O neoliberalismo e a lógica de mercado assenta os seus ideias no primarismo do ser humano, nos sentimentos mais primários, como a posse, a aversão à partilha, a intriga, a querela, renegando o cooperativismo e a entreajuda. Já o comunismo, sob a capa de um comunitarismo, apenas instiga a um dos sentimentos mais primários e mais heréticos: a inveja dos bens do próximo. Evoquemos assim uma república de Platão, autor para quem os juros era uma prática injustificável. Tenho pena que João César das Neves - dizem que é católico mas nunca deve ter lido as Sagradas Escrituras – nos omita nas suas crónicas a referência aos juros.

É que houve em tempos um usurário cristão-novo que se dedicava à matemática negra (a matemática ao serviço do mal) e que começou a usar um ábaco para fazer uns cálculos elementares, e concluiu facilmente que a um juro de “apenas” 7% ao ano, como é composto, passados 10 anos, o devedor já lhe deve o dobro daquilo que lhe emprestou. Passados 40 anos, deve 15 vezes mais. Os agiotas dominam muito bem as progressões geométricas.

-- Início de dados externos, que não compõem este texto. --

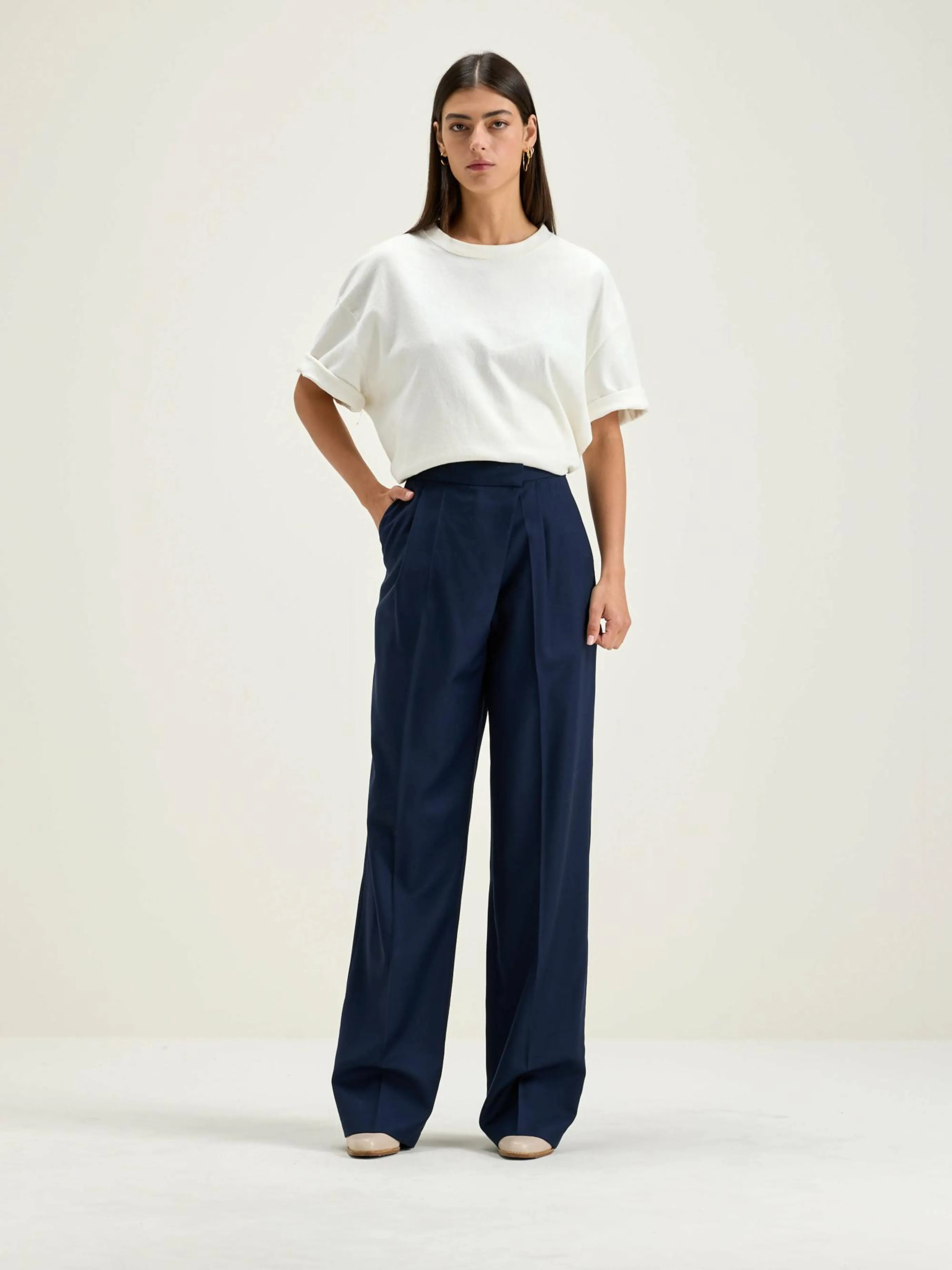 Best Sale Bellerose Tom Hoge Taille Broek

Portugueses, quero assim reiterar, enquanto seguidor da matemática benévola e da Bíblia, que não me sentiria bem em receber passados 10 anos, o dobro daquilo que vos emprestei, assim sendo, quero apenas os 1000€ mais o valor da inflação, e nem mais um cêntimo. Se aceitasse a agiotagem praticada sobre vós, precisaria de um papa para me confessar, assim sendo o diferencial correspondente, deixo aqui lavrado, entregarei como doação ao Estado.

2 comentários:

  1. Respostas
    1. Percebo a ironia. Tenho refletido muito nessa questão e acho que a banca devia ser totalmente pública; ou melhor deveria apenas existir um banco público. Esse banco público deveria emprestar dinheiro, após análise criteriosa do investimento (estariam proibidos os créditos ao consumo), os juros deviam ser iguais à inflação e o risco de incumrpimento deveria ser arcado pelo Estado.